▶ What is being asked
Taking the line with "Cursor Effects Pack" as the first and the last line of the entries as the final one, copy that span exactly.

[Source data]
━━━━━━━━━━━━━━━━━━━━
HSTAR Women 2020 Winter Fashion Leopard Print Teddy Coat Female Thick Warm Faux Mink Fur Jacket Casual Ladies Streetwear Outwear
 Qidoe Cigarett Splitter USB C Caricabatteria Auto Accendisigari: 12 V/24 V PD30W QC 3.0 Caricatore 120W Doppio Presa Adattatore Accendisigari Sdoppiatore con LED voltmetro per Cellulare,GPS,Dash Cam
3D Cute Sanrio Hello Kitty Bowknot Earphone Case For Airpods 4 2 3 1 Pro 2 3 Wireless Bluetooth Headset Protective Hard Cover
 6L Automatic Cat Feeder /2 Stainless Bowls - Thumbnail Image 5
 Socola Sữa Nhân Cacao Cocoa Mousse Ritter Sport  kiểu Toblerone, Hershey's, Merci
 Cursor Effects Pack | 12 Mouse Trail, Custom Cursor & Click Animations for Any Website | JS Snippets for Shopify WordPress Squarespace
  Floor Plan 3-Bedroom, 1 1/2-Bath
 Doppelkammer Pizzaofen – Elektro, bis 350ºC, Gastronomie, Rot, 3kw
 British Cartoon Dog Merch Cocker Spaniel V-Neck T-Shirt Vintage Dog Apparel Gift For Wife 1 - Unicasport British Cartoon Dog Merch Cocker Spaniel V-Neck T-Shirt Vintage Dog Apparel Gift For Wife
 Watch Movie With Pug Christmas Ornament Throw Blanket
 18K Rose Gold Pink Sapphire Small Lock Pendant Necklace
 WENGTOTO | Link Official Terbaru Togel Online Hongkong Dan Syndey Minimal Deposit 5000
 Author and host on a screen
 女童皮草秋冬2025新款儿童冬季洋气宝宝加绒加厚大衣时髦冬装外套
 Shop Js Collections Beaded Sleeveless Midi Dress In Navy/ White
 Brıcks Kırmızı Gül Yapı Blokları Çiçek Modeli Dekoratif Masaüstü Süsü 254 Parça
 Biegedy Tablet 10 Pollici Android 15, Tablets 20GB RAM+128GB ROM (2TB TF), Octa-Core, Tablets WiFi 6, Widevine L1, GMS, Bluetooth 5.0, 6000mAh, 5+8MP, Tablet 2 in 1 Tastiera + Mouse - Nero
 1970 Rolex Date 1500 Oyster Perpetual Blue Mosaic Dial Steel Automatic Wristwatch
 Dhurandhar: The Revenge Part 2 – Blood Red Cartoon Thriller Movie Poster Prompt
━━━━━━━━━━━━━━━━━━━━
▶ Solution
 Cursor Effects Pack | 12 Mouse Trail, Custom Cursor & Click Animations for Any Website | JS Snippets for Shopify WordPress Squarespace
  Floor Plan 3-Bedroom, 1 1/2-Bath
 Doppelkammer Pizzaofen – Elektro, bis 350ºC, Gastronomie, Rot, 3kw
 British Cartoon Dog Merch Cocker Spaniel V-Neck T-Shirt Vintage Dog Apparel Gift For Wife 1 - Unicasport British Cartoon Dog Merch Cocker Spaniel V-Neck T-Shirt Vintage Dog Apparel Gift For Wife
 Watch Movie With Pug Christmas Ornament Throw Blanket
 18K Rose Gold Pink Sapphire Small Lock Pendant Necklace
 WENGTOTO | Link Official Terbaru Togel Online Hongkong Dan Syndey Minimal Deposit 5000
 Author and host on a screen
 女童皮草秋冬2025新款儿童冬季洋气宝宝加绒加厚大衣时髦冬装外套
 Shop Js Collections Beaded Sleeveless Midi Dress In Navy/ White
 Brıcks Kırmızı Gül Yapı Blokları Çiçek Modeli Dekoratif Masaüstü Süsü 254 Parça
 Biegedy Tablet 10 Pollici Android 15, Tablets 20GB RAM+128GB ROM (2TB TF), Octa-Core, Tablets WiFi 6, Widevine L1, GMS, Bluetooth 5.0, 6000mAh, 5+8MP, Tablet 2 in 1 Tastiera + Mouse - Nero
 1970 Rolex Date 1500 Oyster Perpetual Blue Mosaic Dial Steel Automatic Wristwatch
 Dhurandhar: The Revenge Part 2 – Blood Red Cartoon Thriller Movie Poster Prompt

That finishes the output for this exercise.